A second type of question or decision for which data mining is used involves classification, such as the lending decisions faced by creditors. Banks and other lending institutions regularly collect data from loan applicants, based on which they decide whether or not to extend credit. Essentially, the goal is to classify applicants as either good or bad credit risks. If the lending institution has stored data from past applications along with records of loan payments, these data can be used to determine a method for classifying new applicants as either good or bad credit risks. Here again, data mining would be used to identify relationships between the payment record and other variables in the data sample, relationships that would then form the basis of a "recipe" for classifying future applicants. This recipe can take several forms, one of the most common of which is a decision tree. Here, tests are conducted at each node of the tree, the navigation continuing until a "leaf" of the tree is reached at which the observation is assigned to a particular class. Once more, for the classification scheme to be effective, the relationships in the sample dataset must generalize to future samples. If not, the scheme may incorrectly classify new applicants as good credit risks when in fact they are poor ones, and vice versa, something that would very quickly prove extremely costly for the creditor!
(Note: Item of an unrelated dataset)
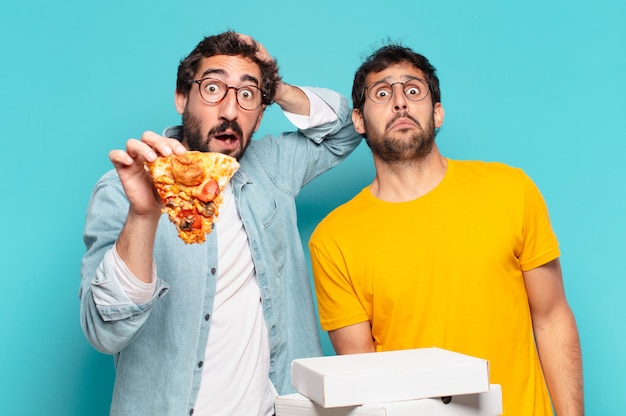 Cuople de dos amigos hispanos expresión asustada y sosteniendo pizzas para llevar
A third type of question data mining is used to answer is simply: What are the interesting relationships among the variables we observe? The canonical example is the famous "shopping basket" question that asks which items tend to show up together in the purchases made by customers. The major distinction between this question and the preceding two is that previously there was a "variable of interest" that we were attempting to predict. In this case, there is no particular variable of interest. Rather, we are simply looking for relationships among all of the variables in a sample of data, and typically, we "discover" many such relationships. Some of these may be of limited interest. For example, the revelation that hot dogs and hot dog buns often show up together in shopping carts is really not much of a revelation at all. Others, however, may be more surprising and thus of considerable interest. Still, to be of any practical use, the relationships – often referred to associations in the data mining literature—in the sample dataset must generalize to new data samples.

Overfitting
The point to take away from all this is that regardless of the particular question or the technique applied, the key to the successful application of data mining is the extent to which relationships identified in the data generalize. A significant concern, however, is that all data mining techniques tend to overfit data. Consider the loan applicant classification example above. In constructing a classification scheme, the primary interest is the accuracy of the scheme at classifying new loan applicants as good or bad credit risks. The classification scheme is developed using a sample of data called the training set, data for which the outcome is known. The data mining algorithm looks for relationships among payment history and other variables in the training set, and returns a classification scheme. To calculate the error rate we take each loan application in the training set and use the scheme to classify it as either a good or bad credit risk. We then check whether the actual outcome matches the classification assigned by our scheme. The ratio of errant classifications to the total number of applicants is the error rate for the training set. The critical notion to remember, however, is that this error rate is not a good indicator of the error rate that we are likely to observe when we attempt to classify new loan applicants. In fact, the error rate for new applicants is likely to be higher, possibly significantly higher. The reason for this is that the structure of the decision tree we are using in this example is highly dependent on the training set itself. In effect, the branches of the tree are created in order to perform well on the training set. Some of the branches will reflect idiosyncrasies of the training set, so that when new data are encountered the performance is likely to suffer. Furthermore, the danger of overfitting is not limited to decision trees, but to all data mining techniques.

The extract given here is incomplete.